* [WHAT TO WORK ON]: Everything from the line with "Sample Apartment of" to the end of the data below, both lines included, should be transcribed exactly; please omit the pictures.

:::::

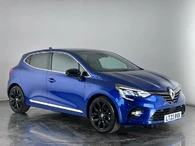 2023 Renault Clio 1.6 Techno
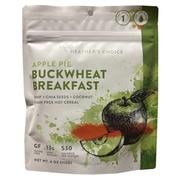 Apple Pie Buckwheat Breakfast single serve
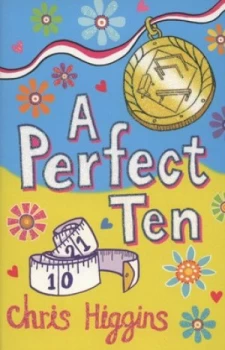 Image of A Perfect Ten by Chris Higgins Book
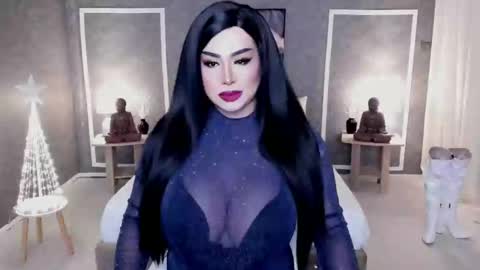 Snapshot of ms_lhadycummer chatting on 19, 12, 2024 Samantha online show from 19, 12, 2024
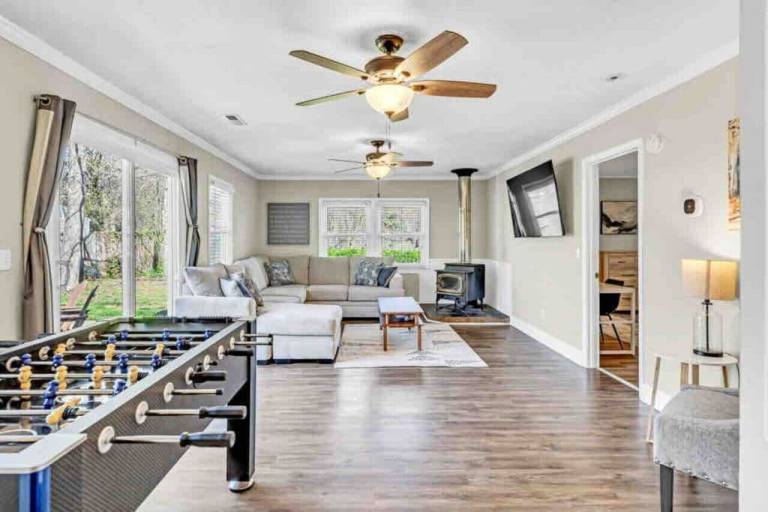 House  North Hills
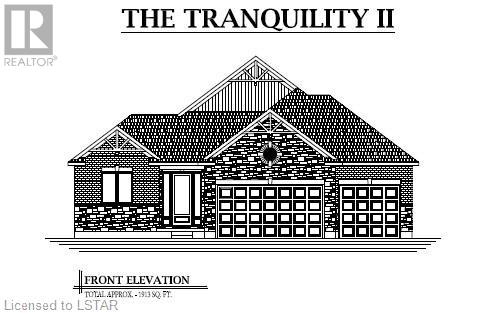 LOT 24 FERRIS Boulevard, thamesford, Ontario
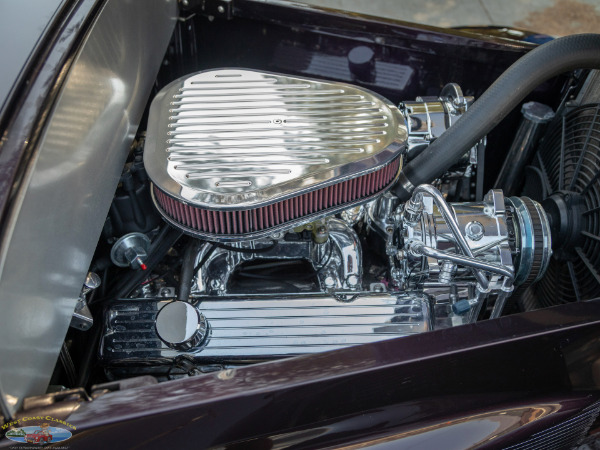 Used 1932 Ford Deuce 3 Window Coupe Custom  | Torrance, CA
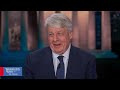 Washington Week with The Atlantic full episode, August 7, 2026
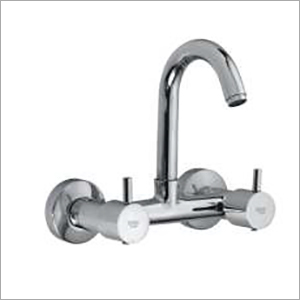 Sink Mixer Wall Mounted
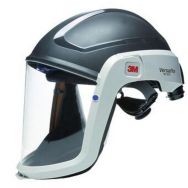 Casque Versaflo avec joint facial confortable, M-306 3M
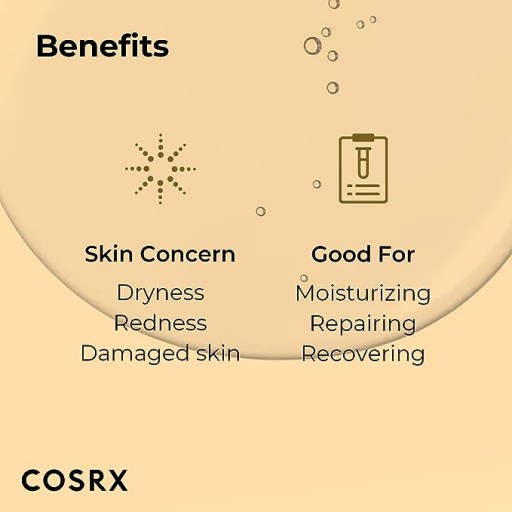COSRX Advanced Snail Power Essence Sheet Mask, 25 ml (1 ks)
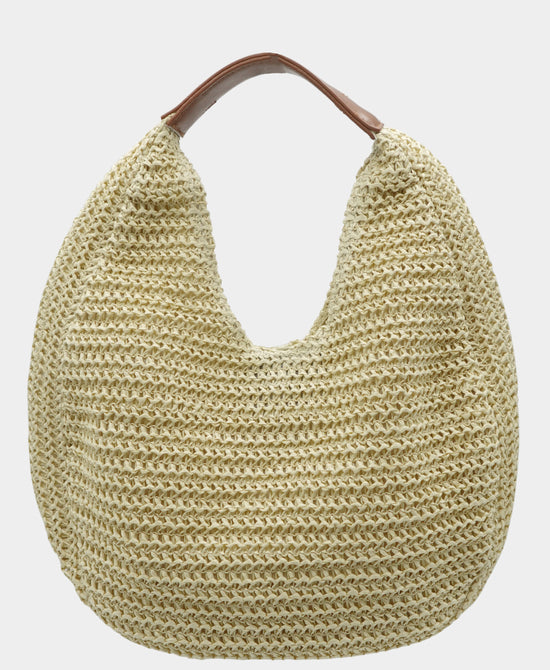 Small "Summer" Tote Bag view 2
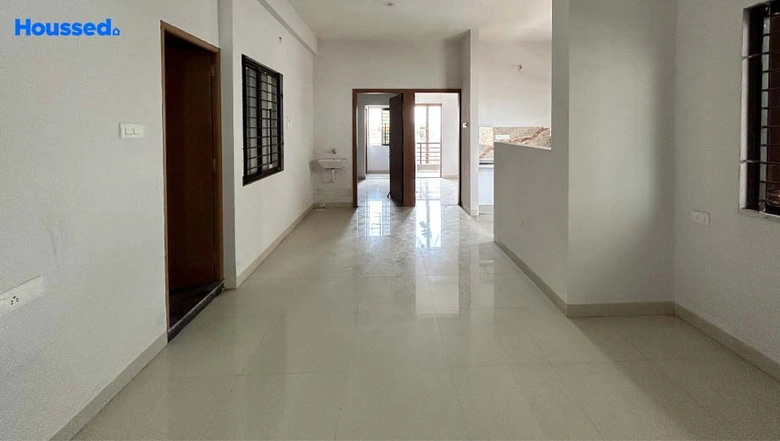 Sample Apartment of DB Pride in Talawali Chanda, Indore - Image 108797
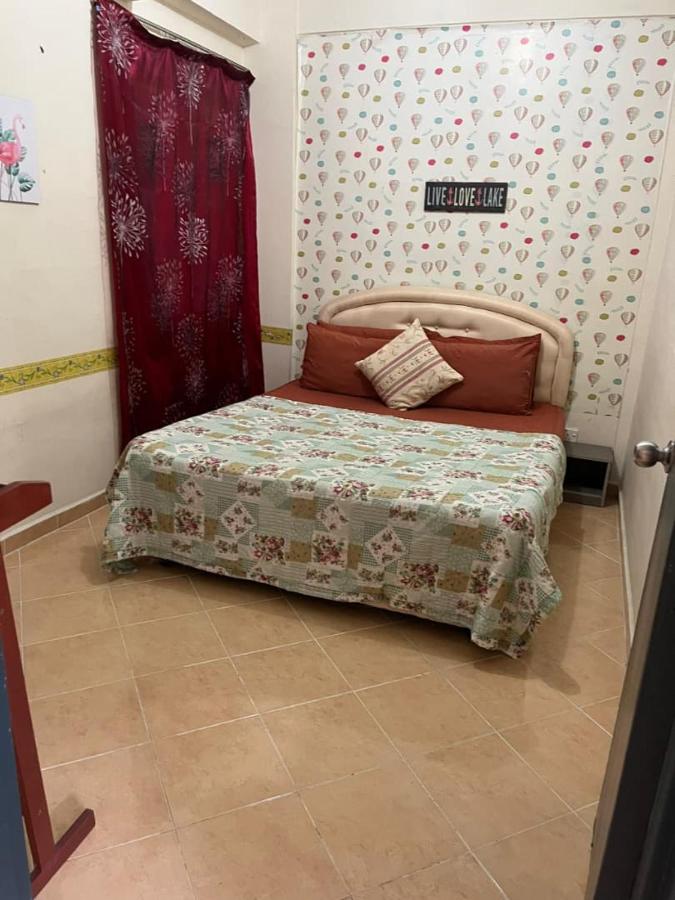 RumahCheMatsunami - B&B Tanah Rata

:::::

* [SOLUTION TO THIS PROBLEM]:
 Sample Apartment of DB Pride in Talawali Chanda, Indore - Image 108797
 RumahCheMatsunami - B&B Tanah Rata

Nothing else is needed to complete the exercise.